Taking the data below, please print only the lines from the line holding "Lego Marvel Super" to the line holding "Glazen beker (Achterkant)", inclusive, with pictures omitted.

## TASK DATA
*** Block opens ***
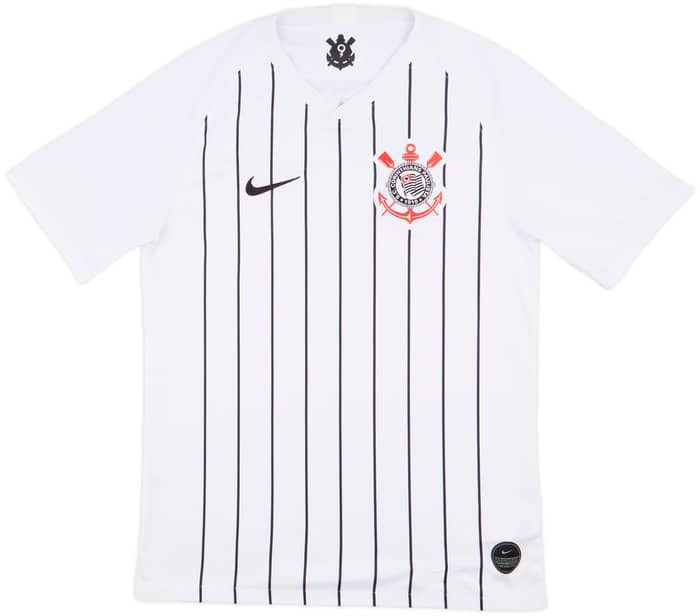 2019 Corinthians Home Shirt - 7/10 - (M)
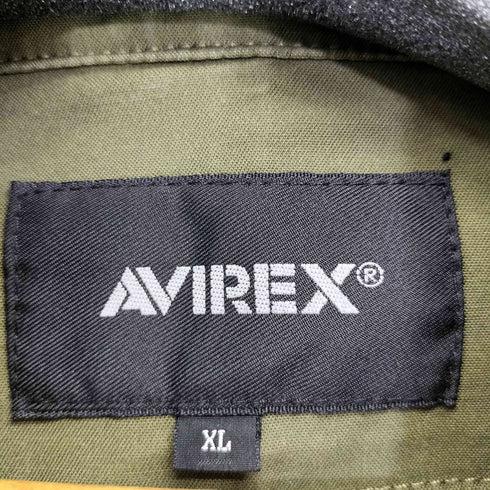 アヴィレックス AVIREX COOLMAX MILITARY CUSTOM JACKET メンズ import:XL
*** Block closes ***
*** Block opens ***
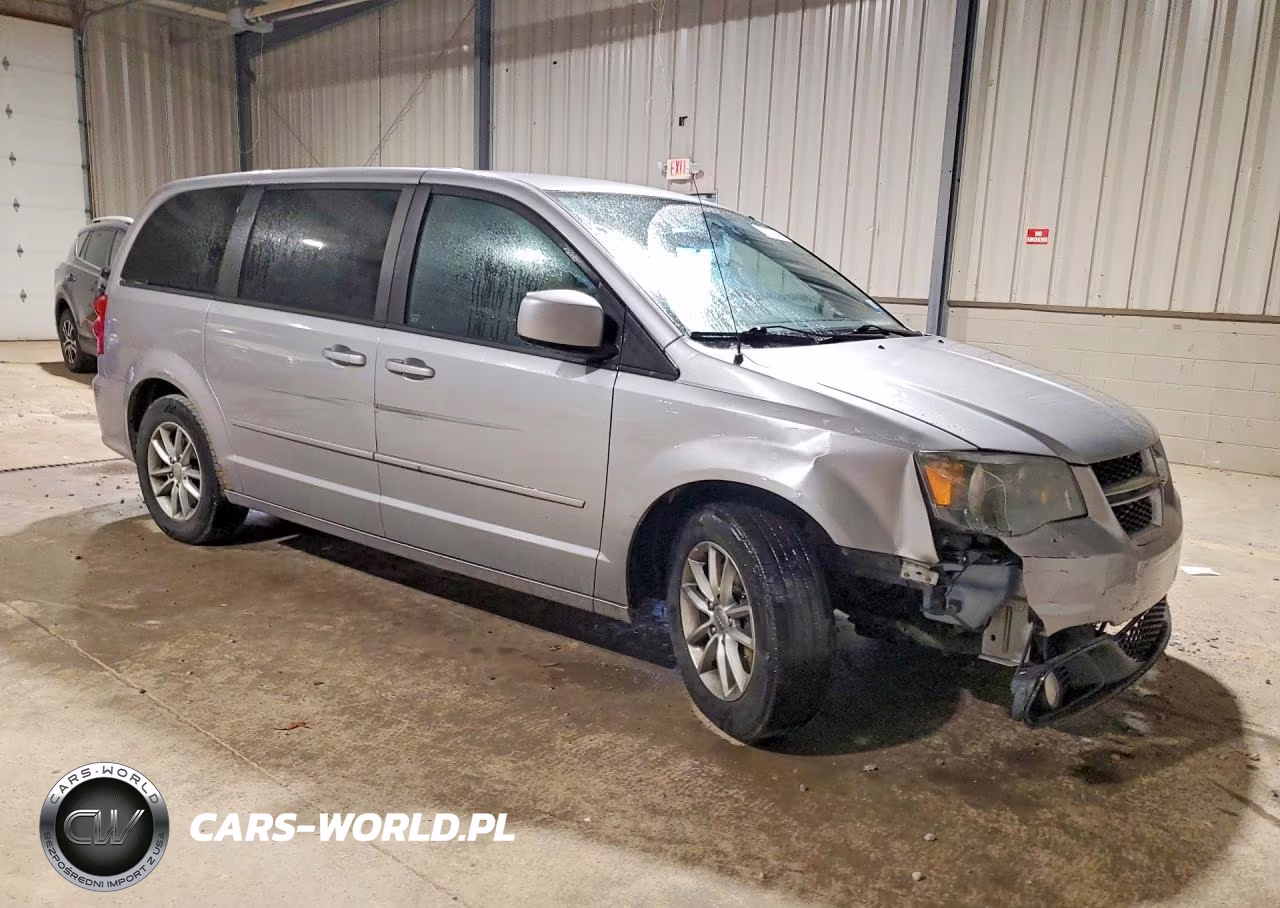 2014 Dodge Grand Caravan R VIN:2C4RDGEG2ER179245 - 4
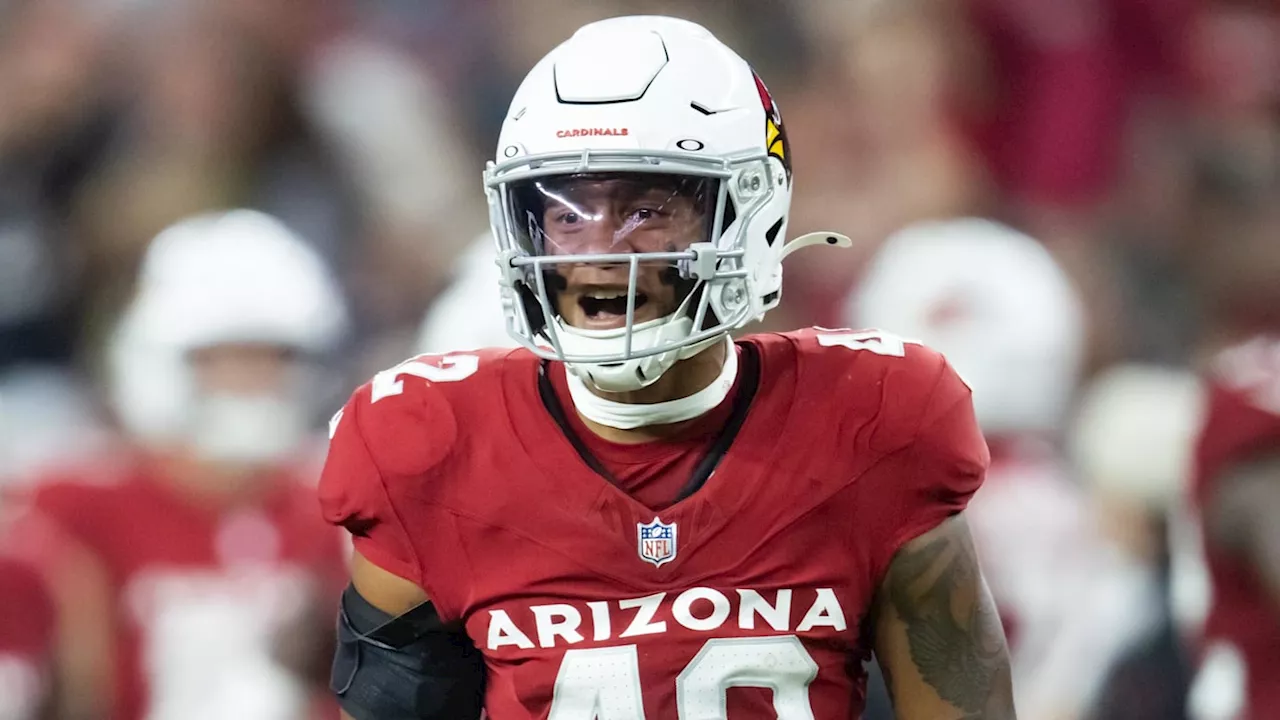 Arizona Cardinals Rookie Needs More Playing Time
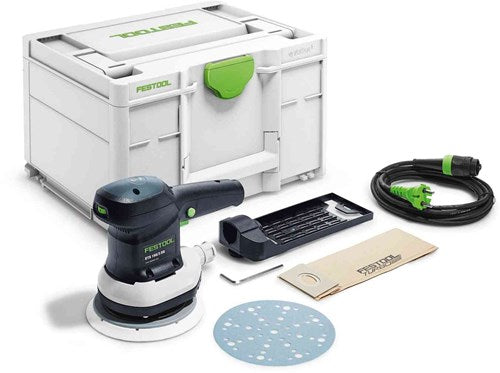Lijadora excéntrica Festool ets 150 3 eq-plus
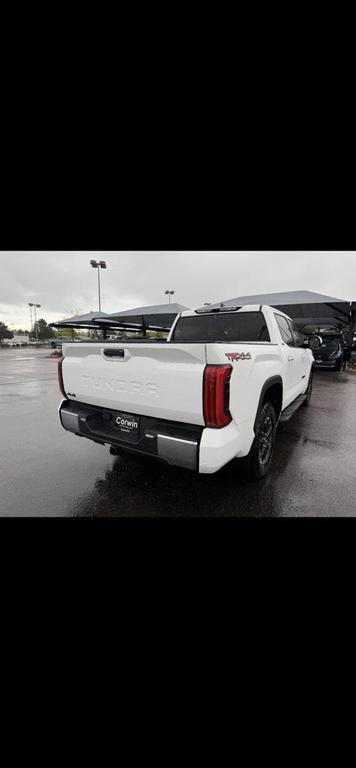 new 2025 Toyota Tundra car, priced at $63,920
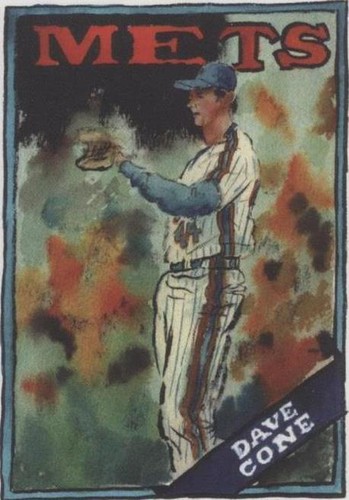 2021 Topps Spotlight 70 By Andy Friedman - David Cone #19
*** Block closes ***
*** Block opens ***
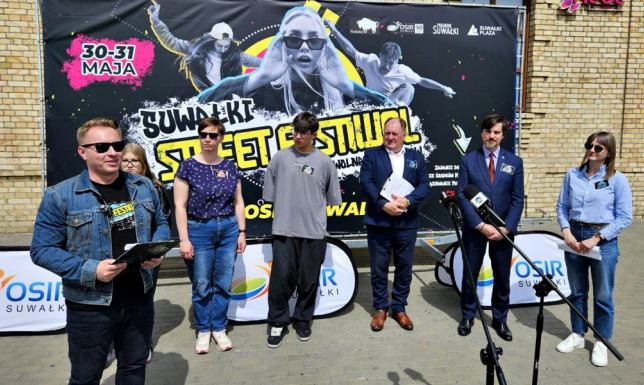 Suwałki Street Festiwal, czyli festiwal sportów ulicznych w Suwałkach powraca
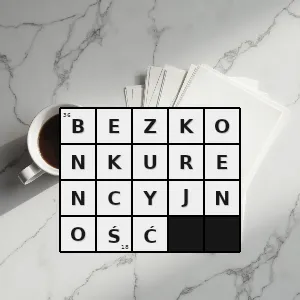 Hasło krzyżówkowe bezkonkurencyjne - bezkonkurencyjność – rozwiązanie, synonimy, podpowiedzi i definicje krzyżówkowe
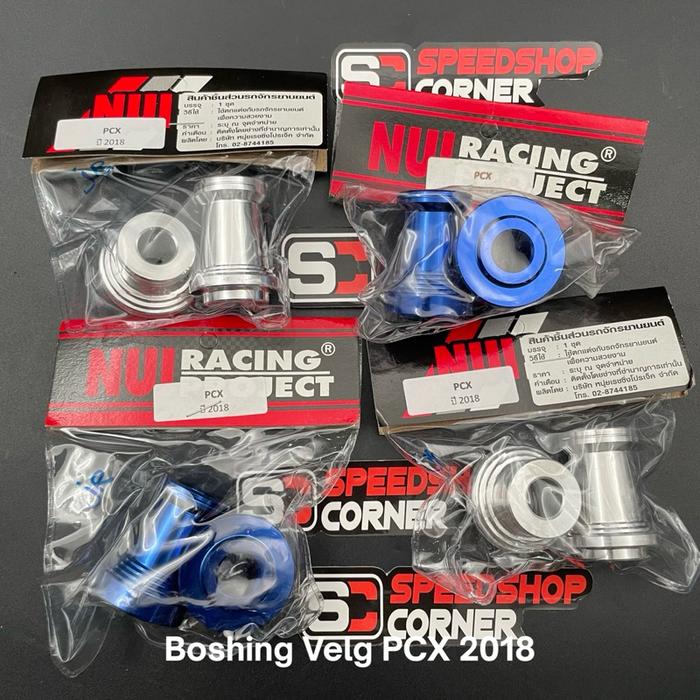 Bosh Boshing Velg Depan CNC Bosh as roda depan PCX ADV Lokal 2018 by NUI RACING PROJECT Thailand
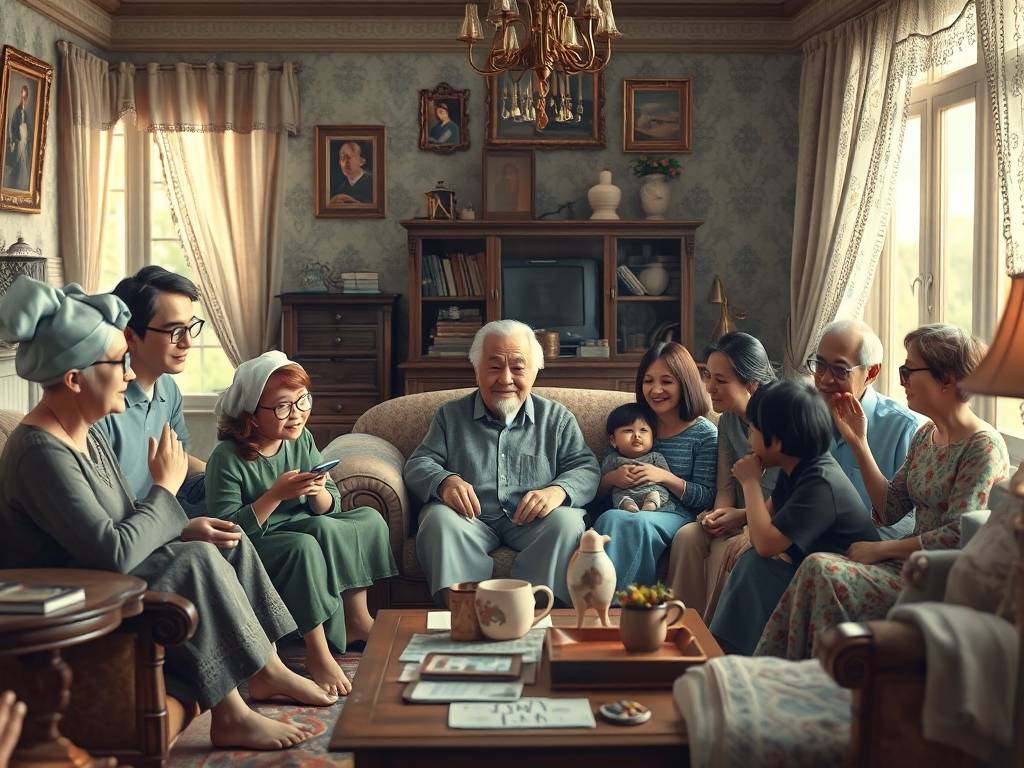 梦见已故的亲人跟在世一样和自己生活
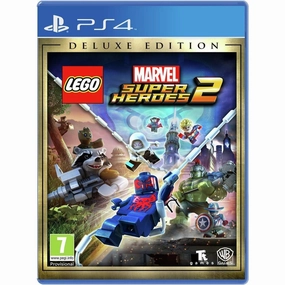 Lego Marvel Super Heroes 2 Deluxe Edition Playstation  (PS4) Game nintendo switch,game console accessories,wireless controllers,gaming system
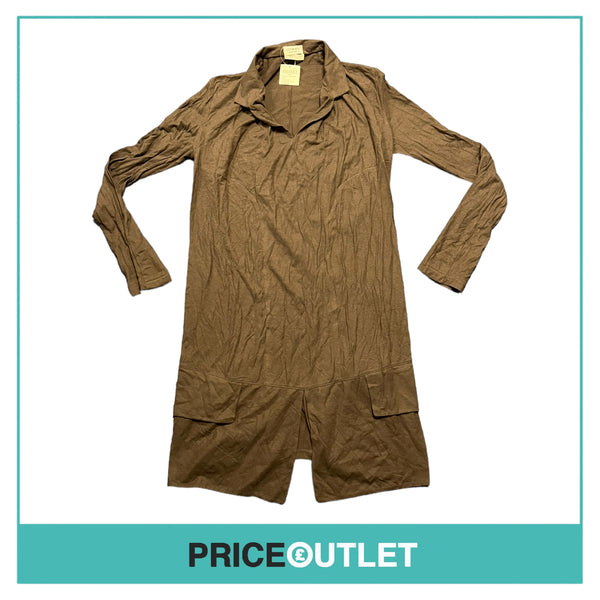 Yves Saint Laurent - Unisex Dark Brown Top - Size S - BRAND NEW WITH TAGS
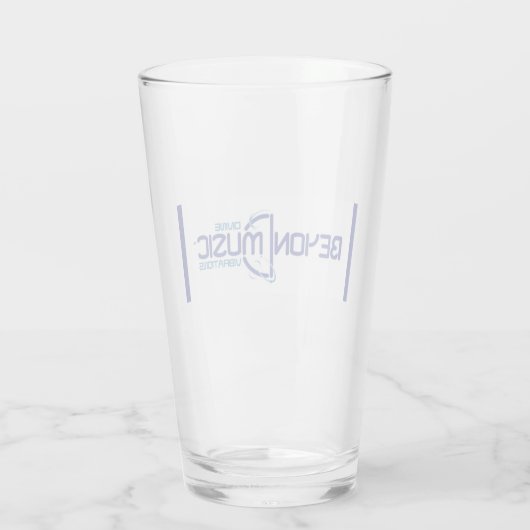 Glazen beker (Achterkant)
*** Block closes ***
## ANSWER FOR THE TASK
 Lego Marvel Super Heroes 2 Deluxe Edition Playstation  (PS4) Game nintendo switch,game console accessories,wireless controllers,gaming system
 Yves Saint Laurent - Unisex Dark Brown Top - Size S - BRAND NEW WITH TAGS
 Glazen beker (Achterkant)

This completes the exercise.